| Assignment |
Retype exactly the lines below, starting with the line that contains "Hậu Giang: Thu" and ending with the last line; leave out any pictures.
Top of Given data
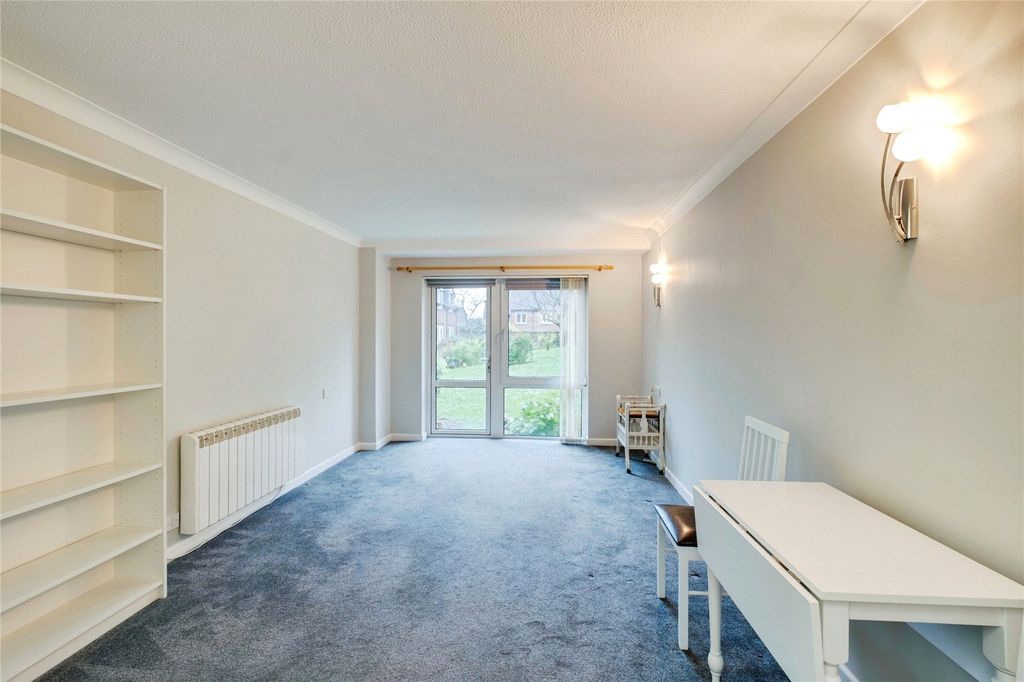 Property photo 3 of 10 Lounge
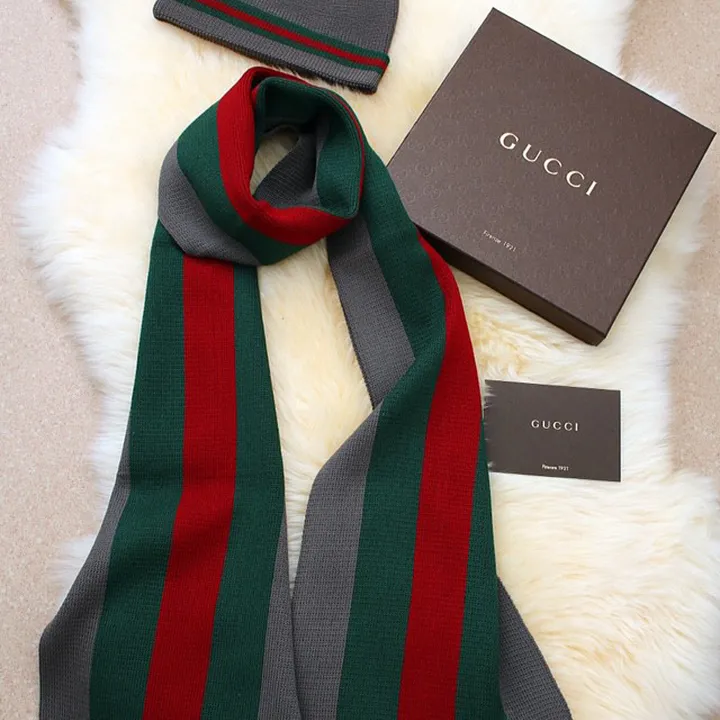 スーパーコピー グッチ マフラー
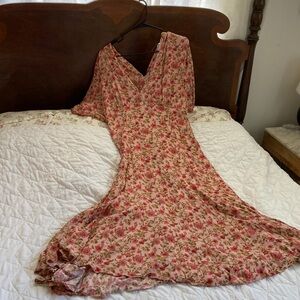 Size L midi floral pink dress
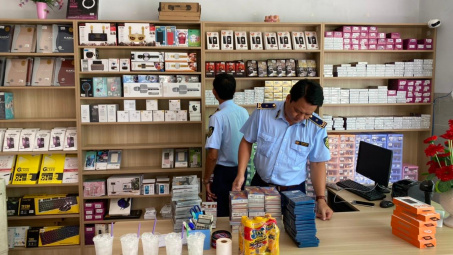 Hậu Giang: Thu giữ hàng trăm phụ kiện điện thoại nghi nhập lậu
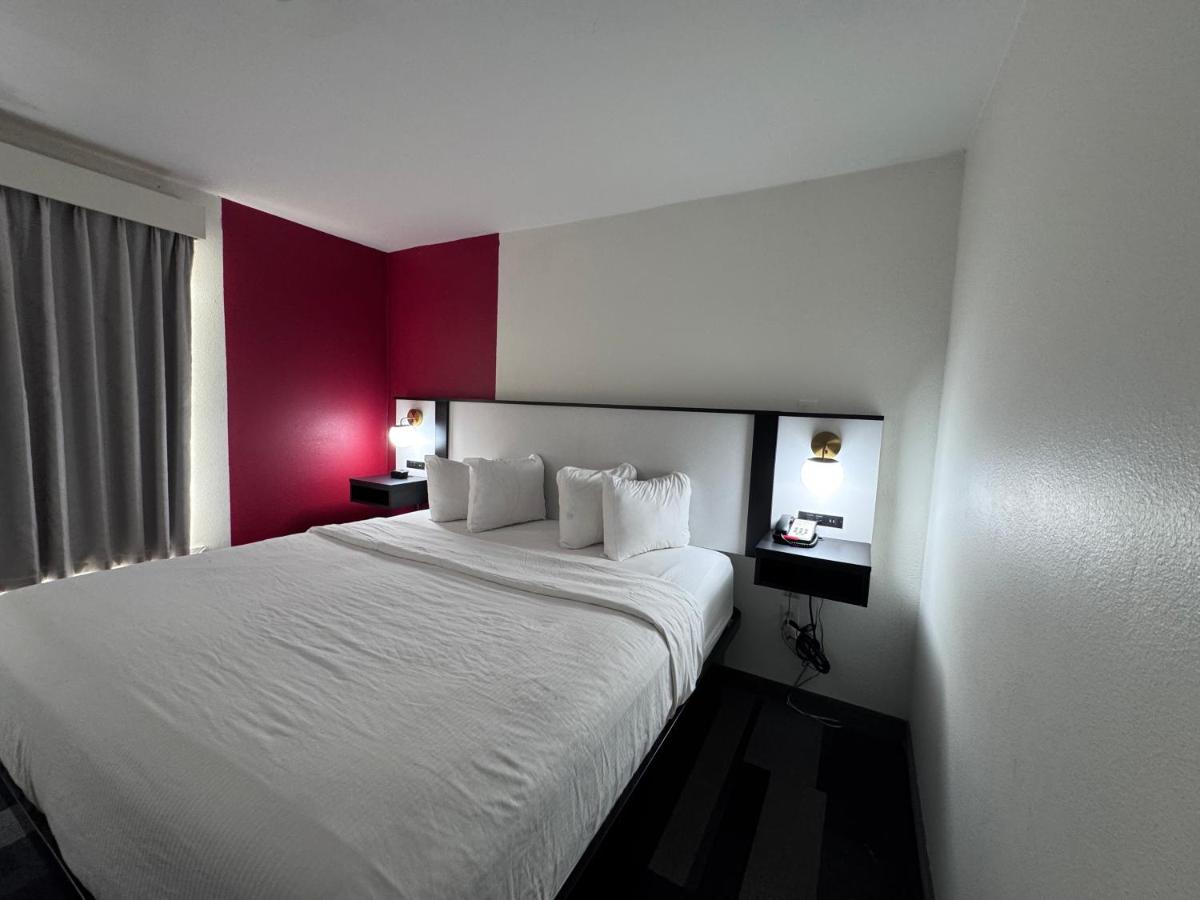 King Studio with Sofa Bed at Ramada by Wyndham Sparta/At Speedway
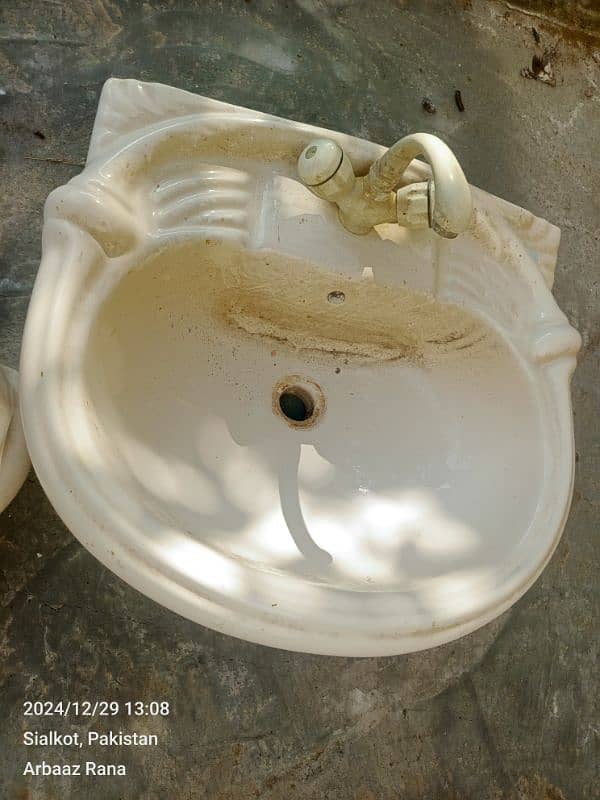 Wash Basin For Sale in Off White Colour With Mixer 2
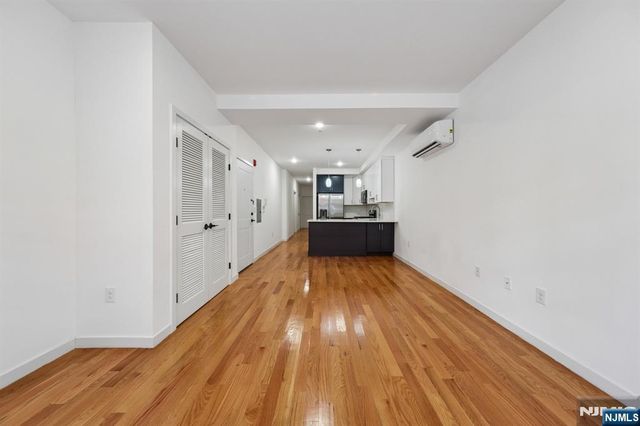 52 James Street 1, Newark, NJ 07102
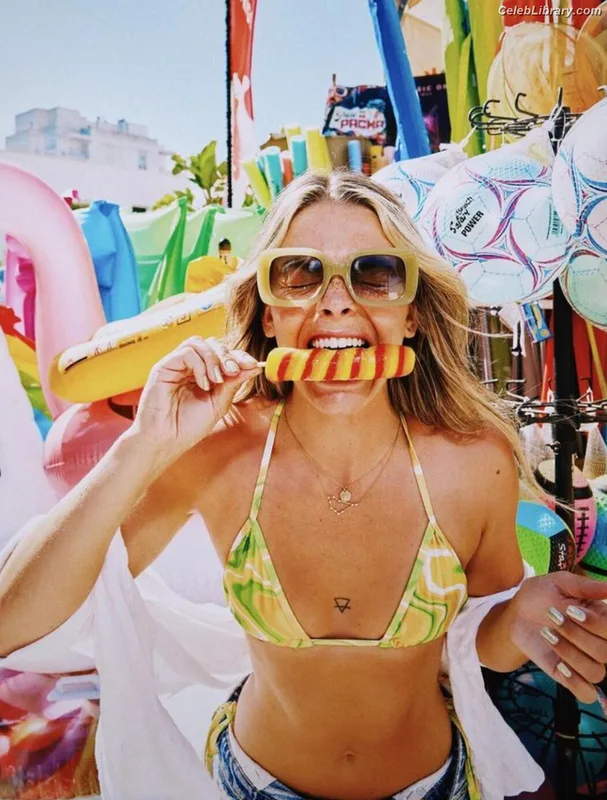 Louisa Johnson photo 23 of 127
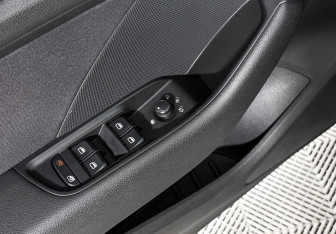 Подержанный автомобиль Audi A3 Hatchback 2013 года (10 фото)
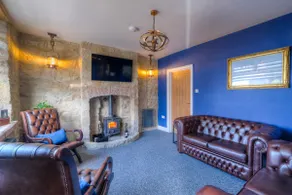 The Rockpool - private hot tub and sea views - Image 3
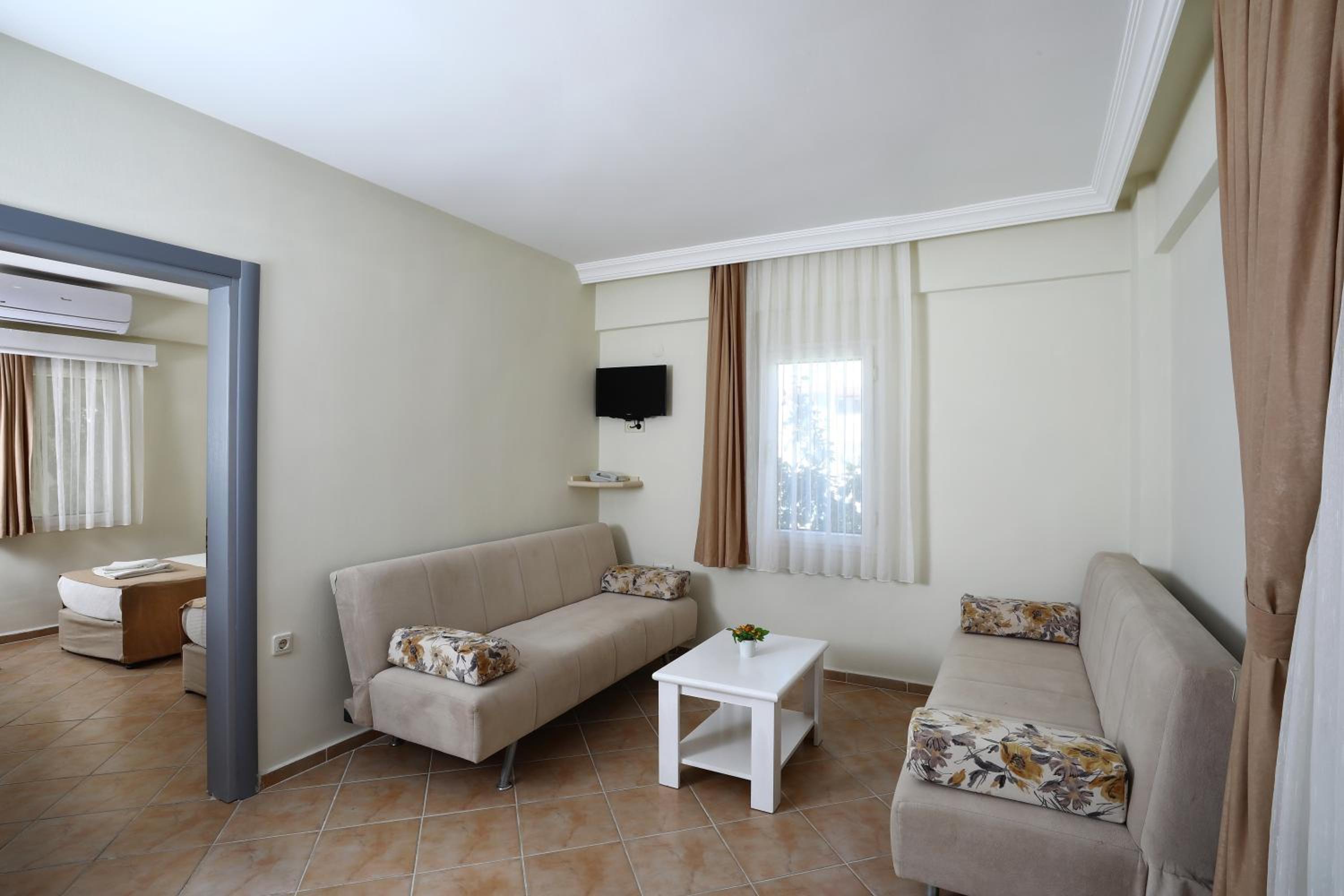 Family Room With Balcony photo 3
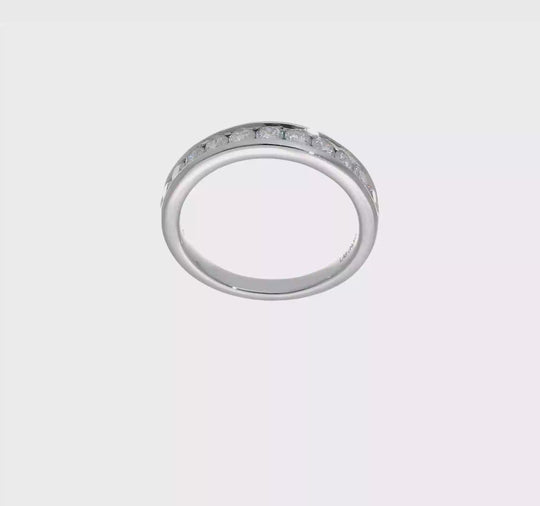 Anillo de Oro Blanco de 14k con Diamantes de Laboratorio de 3/4 Quilate, Pureza VS/SI+ y Color G+ con Engaste de Canal Completo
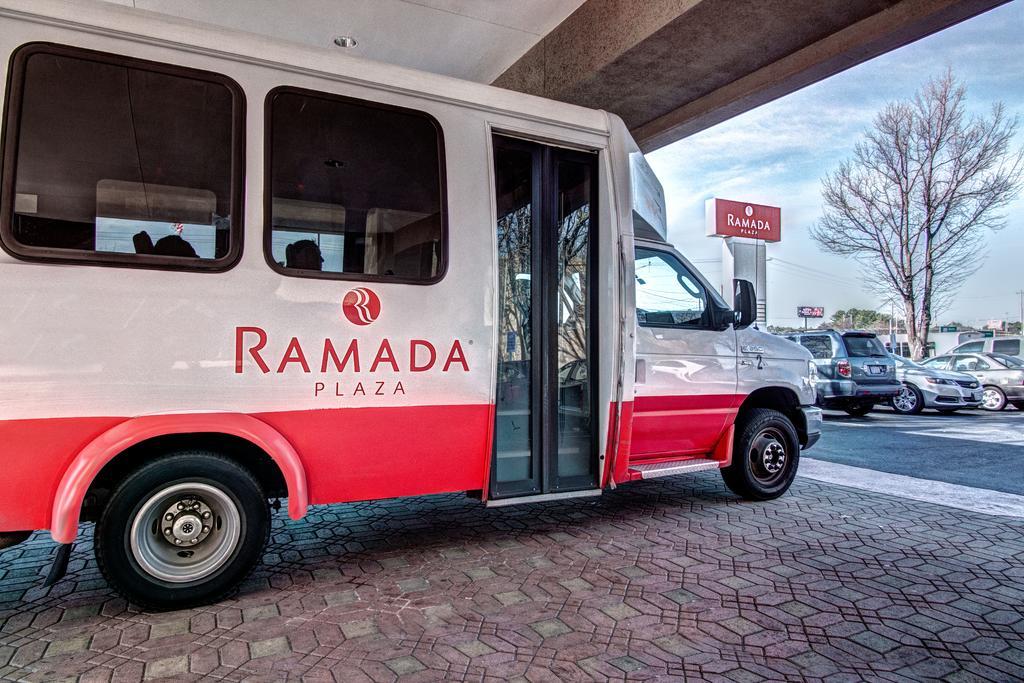 Ramada Plaza By Wyndham Atlanta Airport Hotel College Park Eksteriør billede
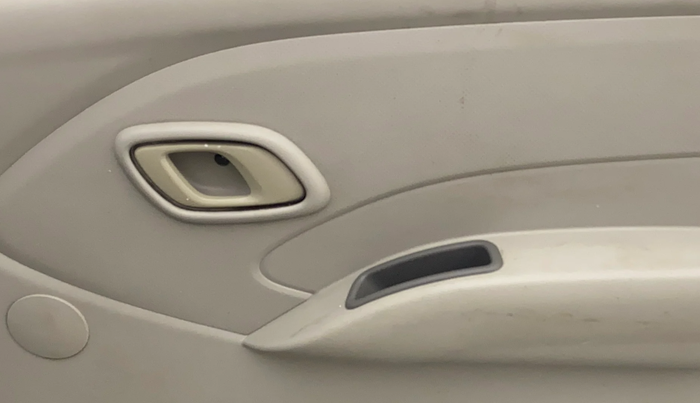 2016 Datsun Redi Go S, Petrol, Manual, 34,007 km, Driver Side Door Panels Control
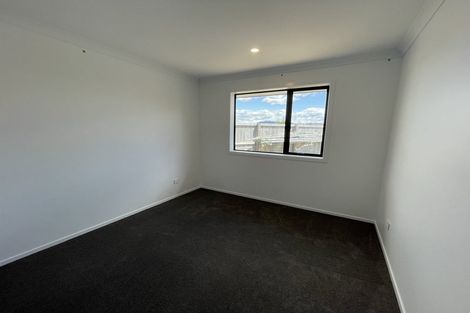 Photo of property in 27 Kaiora Drive, Papamoa Beach, Papamoa, 3118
Bottom of Given data
| Output below |
 Hậu Giang: Thu giữ hàng trăm phụ kiện điện thoại nghi nhập lậu
 King Studio with Sofa Bed at Ramada by Wyndham Sparta/At Speedway
 Wash Basin For Sale in Off White Colour With Mixer 2
 52 James Street 1, Newark, NJ 07102
 Louisa Johnson photo 23 of 127
 Подержанный автомобиль Audi A3 Hatchback 2013 года (10 фото)
 The Rockpool - private hot tub and sea views - Image 3
 Family Room With Balcony photo 3
 Anillo de Oro Blanco de 14k con Diamantes de Laboratorio de 3/4 Quilate, Pureza VS/SI+ y Color G+ con Engaste de Canal Completo
 Ramada Plaza By Wyndham Atlanta Airport Hotel College Park Eksteriør billede
 2016 Datsun Redi Go S, Petrol, Manual, 34,007 km, Driver Side Door Panels Control
 Photo of property in 27 Kaiora Drive, Papamoa Beach, Papamoa, 3118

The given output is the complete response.